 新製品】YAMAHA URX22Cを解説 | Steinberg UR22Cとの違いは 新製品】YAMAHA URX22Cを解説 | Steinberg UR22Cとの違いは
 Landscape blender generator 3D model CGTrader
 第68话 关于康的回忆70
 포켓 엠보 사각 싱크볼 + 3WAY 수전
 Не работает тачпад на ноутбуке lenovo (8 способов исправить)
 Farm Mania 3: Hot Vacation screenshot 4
---
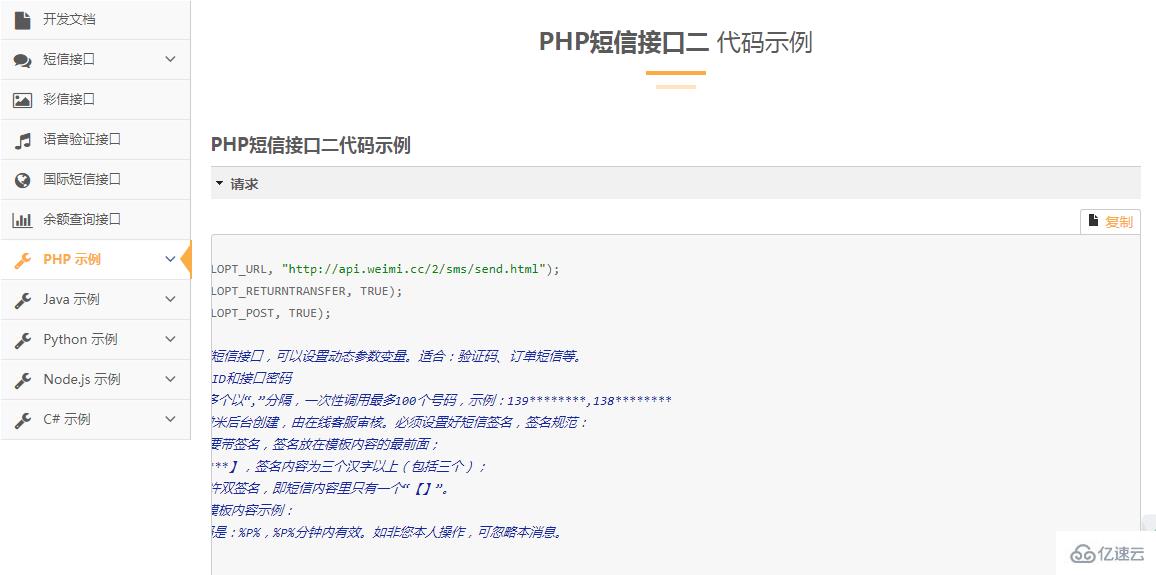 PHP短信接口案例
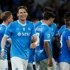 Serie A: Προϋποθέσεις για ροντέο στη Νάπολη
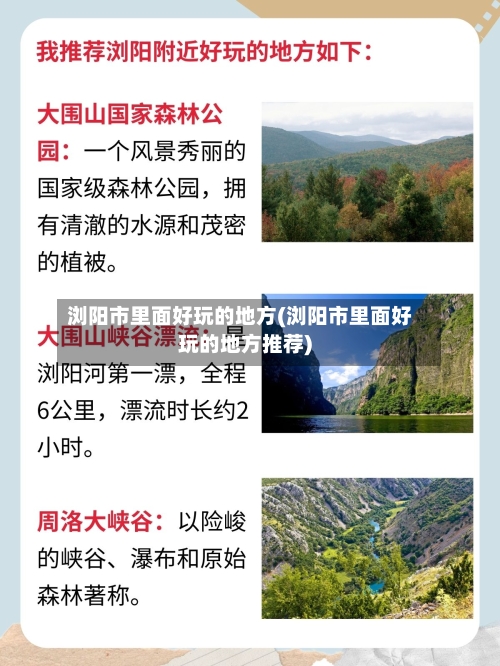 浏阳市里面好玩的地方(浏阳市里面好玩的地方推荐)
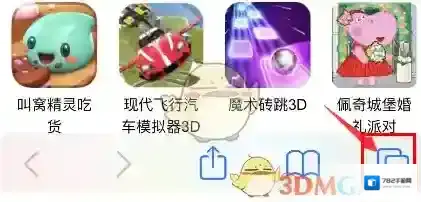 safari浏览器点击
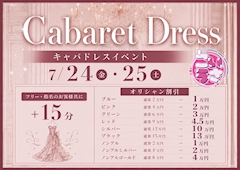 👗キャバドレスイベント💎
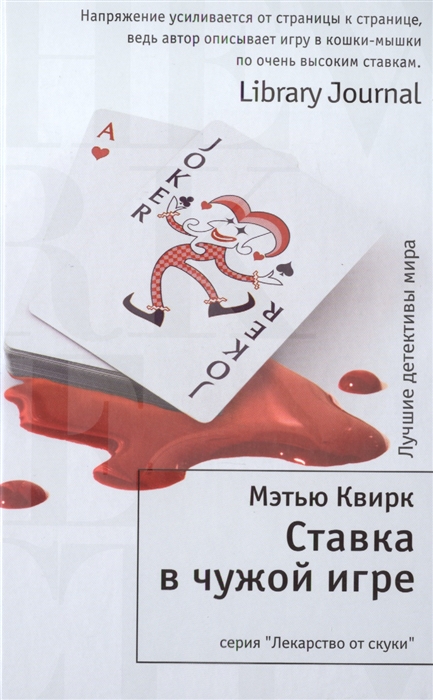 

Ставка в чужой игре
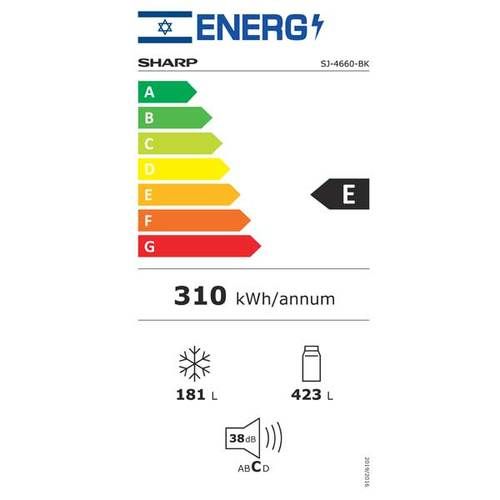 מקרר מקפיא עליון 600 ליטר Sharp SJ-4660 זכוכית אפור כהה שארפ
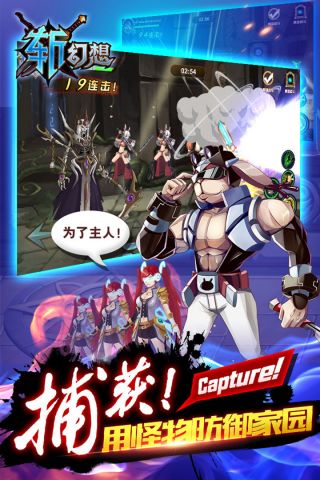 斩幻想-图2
==
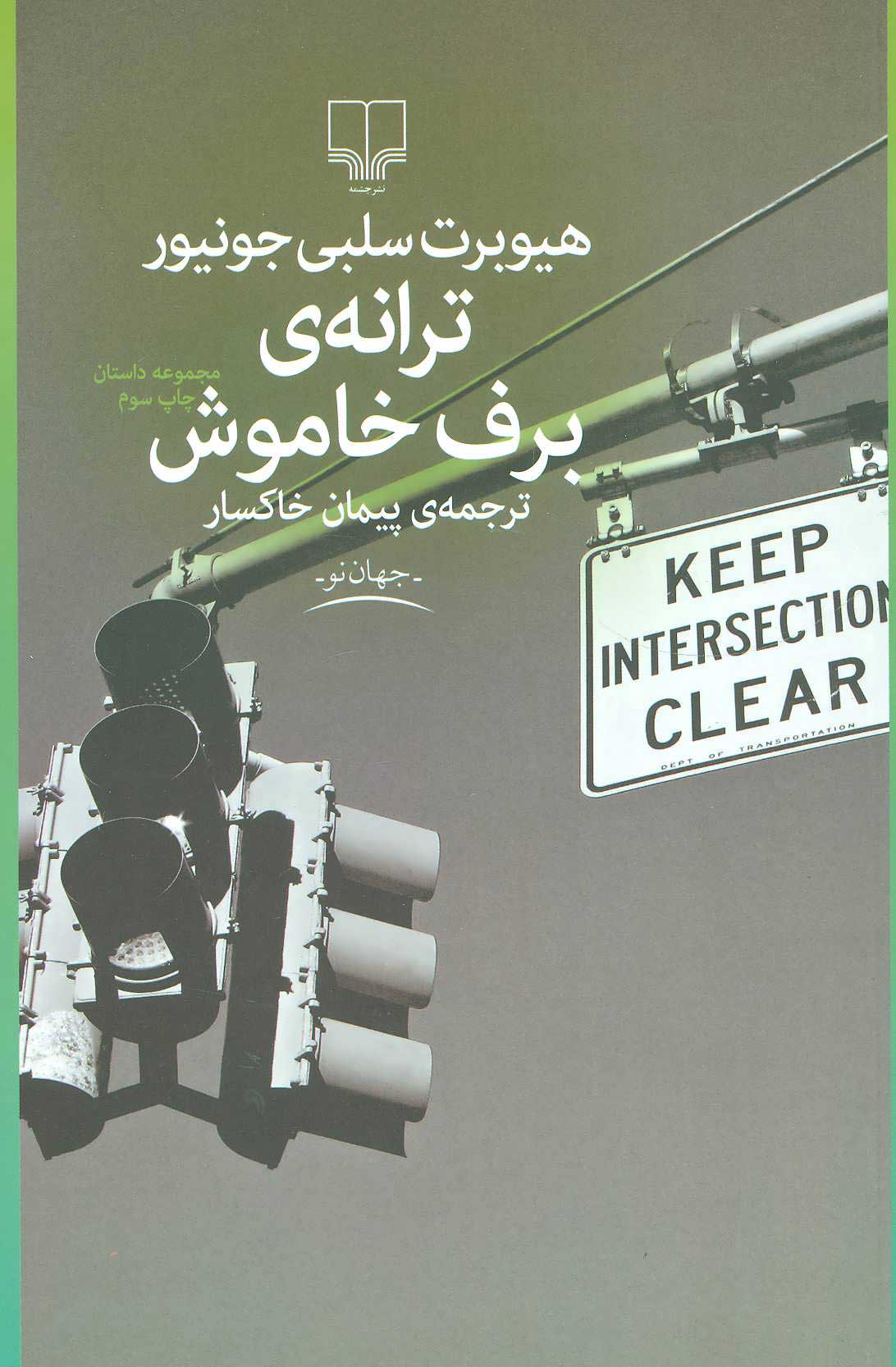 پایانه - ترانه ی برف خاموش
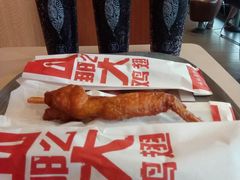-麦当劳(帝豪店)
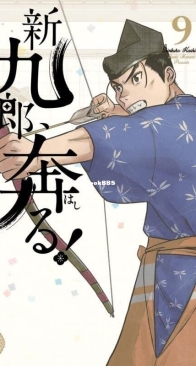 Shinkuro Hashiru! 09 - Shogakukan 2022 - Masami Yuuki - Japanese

■ Prompt
When you reach the line holding "Не работает тачпад" in the records above, begin reproducing exactly, stop after the line holding "Farm Mania 3: Hot Vacation screenshot 4", and output nothing else.

■ Finished task
 Не работает тачпад на ноутбуке lenovo (8 способов исправить)
 Farm Mania 3: Hot Vacation screenshot 4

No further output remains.